Cassis figures in a story connected with the great plague or pest which befell Marseilles in the eighteenth century. Pope Clement XI. had sent to the Monseigneur de Belsunce a cargo of wheat to be distributed among the famished of Marseilles or elsewhere, “comme il le jugerait à propos.” In December, 1720, a fleet of tartanes,—the same lateen-rigged ships which one sees engaged to-day in the open-sea fishing industry of Martigues,—bringing the wheat to the stricken city, was forced to anchor in the Golfe des Lèques, just offshore from the little port of Cassis, “par suite de la violente mistral qui balayait la mer.” The same mistral sweeps the seas around Marseilles to-day, and works all sorts of disaster to small craft if they do not take shelter.

When the tartanes were discovered off Cassis, the famishing sailor-folk of the town hesitated not a moment to put off and board them. The papal tartane attempted to parley with them, but every vessel in the fleet was attacked in true Barbary-pirate fashion and captured; and the entire consignment was seized and distributed among the distressed people of Cassis and the surrounding country.

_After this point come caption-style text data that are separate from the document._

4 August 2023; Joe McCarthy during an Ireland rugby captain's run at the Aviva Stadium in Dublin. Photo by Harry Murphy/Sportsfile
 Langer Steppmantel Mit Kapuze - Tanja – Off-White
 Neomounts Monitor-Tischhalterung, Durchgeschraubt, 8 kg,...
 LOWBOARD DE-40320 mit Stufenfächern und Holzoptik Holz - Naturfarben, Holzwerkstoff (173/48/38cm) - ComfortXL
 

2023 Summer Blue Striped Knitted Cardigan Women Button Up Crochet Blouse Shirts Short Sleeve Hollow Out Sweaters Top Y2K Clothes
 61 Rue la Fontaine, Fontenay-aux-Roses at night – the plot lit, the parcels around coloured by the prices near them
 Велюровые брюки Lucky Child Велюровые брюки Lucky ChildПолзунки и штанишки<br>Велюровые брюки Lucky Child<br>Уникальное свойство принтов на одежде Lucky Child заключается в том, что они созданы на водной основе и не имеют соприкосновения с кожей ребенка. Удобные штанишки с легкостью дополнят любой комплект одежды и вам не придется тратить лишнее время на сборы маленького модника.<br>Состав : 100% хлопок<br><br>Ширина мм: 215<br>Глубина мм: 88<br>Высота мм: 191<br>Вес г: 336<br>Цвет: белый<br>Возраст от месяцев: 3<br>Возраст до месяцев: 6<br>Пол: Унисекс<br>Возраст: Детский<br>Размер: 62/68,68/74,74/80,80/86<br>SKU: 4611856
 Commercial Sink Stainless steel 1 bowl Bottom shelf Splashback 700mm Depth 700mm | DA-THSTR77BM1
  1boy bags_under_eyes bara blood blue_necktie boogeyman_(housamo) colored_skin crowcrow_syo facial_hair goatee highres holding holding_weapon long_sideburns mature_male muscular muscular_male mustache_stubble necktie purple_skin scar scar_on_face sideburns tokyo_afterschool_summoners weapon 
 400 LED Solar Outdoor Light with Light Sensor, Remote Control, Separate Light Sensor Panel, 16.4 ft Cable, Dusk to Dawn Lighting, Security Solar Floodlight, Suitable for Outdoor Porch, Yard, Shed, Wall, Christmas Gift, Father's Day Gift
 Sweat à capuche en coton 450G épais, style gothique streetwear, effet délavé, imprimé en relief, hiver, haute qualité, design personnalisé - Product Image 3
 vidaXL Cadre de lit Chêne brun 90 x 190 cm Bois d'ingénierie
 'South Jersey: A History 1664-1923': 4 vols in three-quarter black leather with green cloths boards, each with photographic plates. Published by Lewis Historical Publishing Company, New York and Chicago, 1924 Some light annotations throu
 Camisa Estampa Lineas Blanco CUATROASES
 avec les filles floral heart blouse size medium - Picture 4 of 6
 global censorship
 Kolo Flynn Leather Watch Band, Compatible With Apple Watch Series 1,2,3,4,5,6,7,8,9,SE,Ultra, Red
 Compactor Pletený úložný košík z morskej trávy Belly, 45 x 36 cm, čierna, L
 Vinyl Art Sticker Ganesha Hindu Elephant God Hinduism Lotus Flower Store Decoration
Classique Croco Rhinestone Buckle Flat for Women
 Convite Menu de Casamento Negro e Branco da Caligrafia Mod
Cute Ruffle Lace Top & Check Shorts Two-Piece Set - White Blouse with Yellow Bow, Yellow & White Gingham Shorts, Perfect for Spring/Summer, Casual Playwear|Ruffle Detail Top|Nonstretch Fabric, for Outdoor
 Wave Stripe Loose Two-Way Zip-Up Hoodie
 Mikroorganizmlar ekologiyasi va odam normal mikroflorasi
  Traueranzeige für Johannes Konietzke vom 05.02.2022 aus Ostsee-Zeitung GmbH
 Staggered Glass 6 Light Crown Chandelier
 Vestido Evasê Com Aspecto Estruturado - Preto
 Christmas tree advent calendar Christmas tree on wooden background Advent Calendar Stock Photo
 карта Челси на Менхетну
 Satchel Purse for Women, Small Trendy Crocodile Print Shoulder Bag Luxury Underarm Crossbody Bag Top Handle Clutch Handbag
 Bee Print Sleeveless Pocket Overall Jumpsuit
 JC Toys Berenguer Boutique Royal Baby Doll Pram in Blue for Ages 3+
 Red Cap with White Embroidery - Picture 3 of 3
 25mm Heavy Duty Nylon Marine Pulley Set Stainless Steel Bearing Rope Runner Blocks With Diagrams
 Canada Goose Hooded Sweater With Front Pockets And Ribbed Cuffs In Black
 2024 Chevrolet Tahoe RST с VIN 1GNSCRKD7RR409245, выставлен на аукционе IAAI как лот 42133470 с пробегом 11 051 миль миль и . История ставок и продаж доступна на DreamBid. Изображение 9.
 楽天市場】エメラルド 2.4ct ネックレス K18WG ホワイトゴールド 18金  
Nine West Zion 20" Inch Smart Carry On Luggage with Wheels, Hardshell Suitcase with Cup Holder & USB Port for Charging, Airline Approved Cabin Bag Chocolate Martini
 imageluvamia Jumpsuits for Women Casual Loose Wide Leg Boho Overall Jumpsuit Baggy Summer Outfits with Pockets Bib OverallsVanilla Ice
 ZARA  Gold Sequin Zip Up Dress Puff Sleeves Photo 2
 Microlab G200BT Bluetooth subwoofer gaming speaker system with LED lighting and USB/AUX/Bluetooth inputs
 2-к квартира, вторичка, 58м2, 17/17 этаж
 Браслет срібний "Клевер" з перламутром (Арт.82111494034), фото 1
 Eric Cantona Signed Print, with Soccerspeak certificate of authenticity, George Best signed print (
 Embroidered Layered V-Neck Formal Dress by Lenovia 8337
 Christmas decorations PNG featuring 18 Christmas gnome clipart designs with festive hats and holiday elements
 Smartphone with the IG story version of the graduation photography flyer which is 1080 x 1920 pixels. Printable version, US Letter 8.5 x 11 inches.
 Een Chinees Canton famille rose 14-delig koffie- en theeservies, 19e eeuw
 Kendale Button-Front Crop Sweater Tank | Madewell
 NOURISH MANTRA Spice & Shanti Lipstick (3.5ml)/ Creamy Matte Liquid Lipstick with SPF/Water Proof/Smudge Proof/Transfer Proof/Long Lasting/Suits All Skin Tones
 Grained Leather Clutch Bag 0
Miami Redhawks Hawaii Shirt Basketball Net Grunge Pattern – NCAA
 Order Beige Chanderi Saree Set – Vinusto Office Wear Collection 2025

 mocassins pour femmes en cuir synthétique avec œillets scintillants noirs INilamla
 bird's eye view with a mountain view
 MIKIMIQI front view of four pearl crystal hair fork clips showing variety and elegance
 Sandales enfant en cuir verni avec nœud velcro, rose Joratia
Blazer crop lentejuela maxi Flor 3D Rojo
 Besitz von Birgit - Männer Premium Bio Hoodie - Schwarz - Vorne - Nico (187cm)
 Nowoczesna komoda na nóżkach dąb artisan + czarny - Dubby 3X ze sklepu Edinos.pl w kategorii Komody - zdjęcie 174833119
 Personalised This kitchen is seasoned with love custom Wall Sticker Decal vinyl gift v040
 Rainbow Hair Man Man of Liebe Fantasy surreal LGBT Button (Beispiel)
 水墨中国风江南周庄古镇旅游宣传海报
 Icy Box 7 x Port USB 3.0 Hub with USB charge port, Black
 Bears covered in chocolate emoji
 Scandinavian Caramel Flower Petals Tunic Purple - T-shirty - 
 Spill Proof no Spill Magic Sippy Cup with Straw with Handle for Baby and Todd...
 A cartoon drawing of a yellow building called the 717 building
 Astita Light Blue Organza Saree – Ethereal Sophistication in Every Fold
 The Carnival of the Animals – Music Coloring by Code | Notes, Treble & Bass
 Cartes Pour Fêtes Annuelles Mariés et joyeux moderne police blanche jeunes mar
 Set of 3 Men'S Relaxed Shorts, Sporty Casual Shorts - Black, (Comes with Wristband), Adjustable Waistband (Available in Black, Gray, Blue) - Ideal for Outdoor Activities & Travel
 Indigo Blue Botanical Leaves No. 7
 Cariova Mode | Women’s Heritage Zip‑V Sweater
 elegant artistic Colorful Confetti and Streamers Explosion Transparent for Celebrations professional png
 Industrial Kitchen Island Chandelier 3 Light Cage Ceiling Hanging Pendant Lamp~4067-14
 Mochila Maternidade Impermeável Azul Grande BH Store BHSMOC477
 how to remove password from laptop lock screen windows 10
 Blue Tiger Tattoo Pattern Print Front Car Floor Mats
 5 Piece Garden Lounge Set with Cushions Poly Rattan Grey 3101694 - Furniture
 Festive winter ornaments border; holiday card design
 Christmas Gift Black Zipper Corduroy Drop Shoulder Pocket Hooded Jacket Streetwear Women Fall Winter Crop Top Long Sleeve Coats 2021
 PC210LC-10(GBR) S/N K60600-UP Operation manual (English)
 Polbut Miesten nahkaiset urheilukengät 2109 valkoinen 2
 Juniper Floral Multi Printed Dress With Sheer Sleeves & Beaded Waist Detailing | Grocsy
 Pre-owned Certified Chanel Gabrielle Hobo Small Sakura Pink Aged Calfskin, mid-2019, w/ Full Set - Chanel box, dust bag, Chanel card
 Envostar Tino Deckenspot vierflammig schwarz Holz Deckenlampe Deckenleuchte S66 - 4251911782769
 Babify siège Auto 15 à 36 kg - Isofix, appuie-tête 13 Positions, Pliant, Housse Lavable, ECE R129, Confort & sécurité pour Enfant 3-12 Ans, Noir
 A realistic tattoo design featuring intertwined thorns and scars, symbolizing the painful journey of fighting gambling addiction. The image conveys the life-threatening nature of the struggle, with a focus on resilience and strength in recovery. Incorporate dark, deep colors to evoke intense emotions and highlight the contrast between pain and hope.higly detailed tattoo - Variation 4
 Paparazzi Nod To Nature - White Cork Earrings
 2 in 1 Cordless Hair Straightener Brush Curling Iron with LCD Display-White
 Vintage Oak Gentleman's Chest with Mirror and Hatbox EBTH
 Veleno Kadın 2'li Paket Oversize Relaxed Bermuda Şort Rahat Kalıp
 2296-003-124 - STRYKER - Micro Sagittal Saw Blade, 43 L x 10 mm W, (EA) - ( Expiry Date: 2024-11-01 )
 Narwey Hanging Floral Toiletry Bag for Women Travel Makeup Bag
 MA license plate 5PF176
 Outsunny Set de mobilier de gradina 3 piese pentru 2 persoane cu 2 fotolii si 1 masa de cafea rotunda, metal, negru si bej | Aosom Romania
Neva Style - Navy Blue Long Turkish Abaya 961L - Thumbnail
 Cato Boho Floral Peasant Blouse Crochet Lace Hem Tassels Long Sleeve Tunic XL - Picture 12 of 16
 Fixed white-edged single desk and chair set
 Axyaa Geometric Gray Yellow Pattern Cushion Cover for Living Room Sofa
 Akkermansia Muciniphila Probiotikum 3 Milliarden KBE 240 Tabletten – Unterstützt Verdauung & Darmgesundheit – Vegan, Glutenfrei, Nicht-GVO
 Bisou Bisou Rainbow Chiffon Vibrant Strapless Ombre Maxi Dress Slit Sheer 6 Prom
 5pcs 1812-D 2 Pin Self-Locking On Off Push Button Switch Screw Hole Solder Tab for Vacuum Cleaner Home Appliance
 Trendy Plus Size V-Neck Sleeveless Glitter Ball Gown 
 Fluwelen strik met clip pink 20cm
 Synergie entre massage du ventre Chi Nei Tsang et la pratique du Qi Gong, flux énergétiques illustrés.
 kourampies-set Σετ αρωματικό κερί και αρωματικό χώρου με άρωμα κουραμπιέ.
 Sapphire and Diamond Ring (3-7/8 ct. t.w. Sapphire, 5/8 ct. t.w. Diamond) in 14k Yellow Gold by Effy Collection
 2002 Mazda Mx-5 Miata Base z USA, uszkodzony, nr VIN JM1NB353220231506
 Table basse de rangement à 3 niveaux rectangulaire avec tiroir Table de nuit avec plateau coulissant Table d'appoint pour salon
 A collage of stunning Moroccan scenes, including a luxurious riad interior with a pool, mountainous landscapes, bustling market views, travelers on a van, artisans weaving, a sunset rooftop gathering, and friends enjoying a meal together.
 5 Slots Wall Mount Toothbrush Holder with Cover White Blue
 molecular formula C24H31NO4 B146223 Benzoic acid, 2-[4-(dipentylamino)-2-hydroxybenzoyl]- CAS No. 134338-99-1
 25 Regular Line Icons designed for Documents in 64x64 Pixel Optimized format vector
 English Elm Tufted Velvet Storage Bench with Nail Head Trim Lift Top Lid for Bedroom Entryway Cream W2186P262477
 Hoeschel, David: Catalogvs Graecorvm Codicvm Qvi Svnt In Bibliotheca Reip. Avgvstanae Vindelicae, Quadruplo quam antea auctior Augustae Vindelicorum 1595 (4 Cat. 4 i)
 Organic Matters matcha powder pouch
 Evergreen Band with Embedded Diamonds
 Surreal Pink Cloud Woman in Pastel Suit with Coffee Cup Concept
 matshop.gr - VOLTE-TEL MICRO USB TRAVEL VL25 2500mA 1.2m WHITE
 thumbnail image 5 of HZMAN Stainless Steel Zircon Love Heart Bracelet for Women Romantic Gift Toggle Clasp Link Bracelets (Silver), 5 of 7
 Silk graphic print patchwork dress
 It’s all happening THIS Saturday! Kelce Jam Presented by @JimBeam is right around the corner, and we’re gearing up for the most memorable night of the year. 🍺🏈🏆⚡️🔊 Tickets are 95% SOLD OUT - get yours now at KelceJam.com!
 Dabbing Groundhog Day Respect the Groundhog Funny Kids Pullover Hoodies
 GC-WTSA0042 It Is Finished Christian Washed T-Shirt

The “pirates,” however, paid the Archbishop of Marseilles the full value of the shipment, “comme c’était justice.” Mgr. de Belsunce, “coming to Cassis on donkey-back,” brought back the money and founded a school for both sexes with the capital, besides giving to the poor of the town an annual sum equal to the interest on the principal. Whether this was a case of “heaping coals of fire” on the delinquent heads, or not, history does not say.

Cassis is the native city of the Abbé Barthélémy, a savant who, amid the constant study of ancient and modern Greek, Latin, Hebrew, Syriac, Chaldean, and Arabic, found time to write the “Voyage du Jeune Anacharsis en Grèce,” a work which has placed his name high in the roll of writers who have produced epoch-making literature.

Cassis

Cassis is the perfect type of the small Mediterranean port. High above the houses of its nineteen hundred inhabitants, on the apex of a wooded, red-rock hill, are the ruins of a château. To the east is the grim and gray Cap, a mountain of considerable pretensions, while to the west is Pointe Pin, a height of perhaps fifteen hundred metres sloping gently down to the sea, and covered with scrub-pines save for occasional granite outcrops.

Cassis is a highly industrious little town, now mostly given over to the manufacture of cement, the coastwise shipping of which gives a perpetual liveliness to the port. The fishing, too, though, as before said, not very considerable, results in a constant traffic with the wharves of Marseilles, where the product is sold.

The white wine of Cassis, a “vrai vin parfumé,” which in another day was produced much more extensively than now, is as much the proper thing to drink with bouillabaisse and les coquillages as in the north are Chablis and Graves with oysters and lobsters.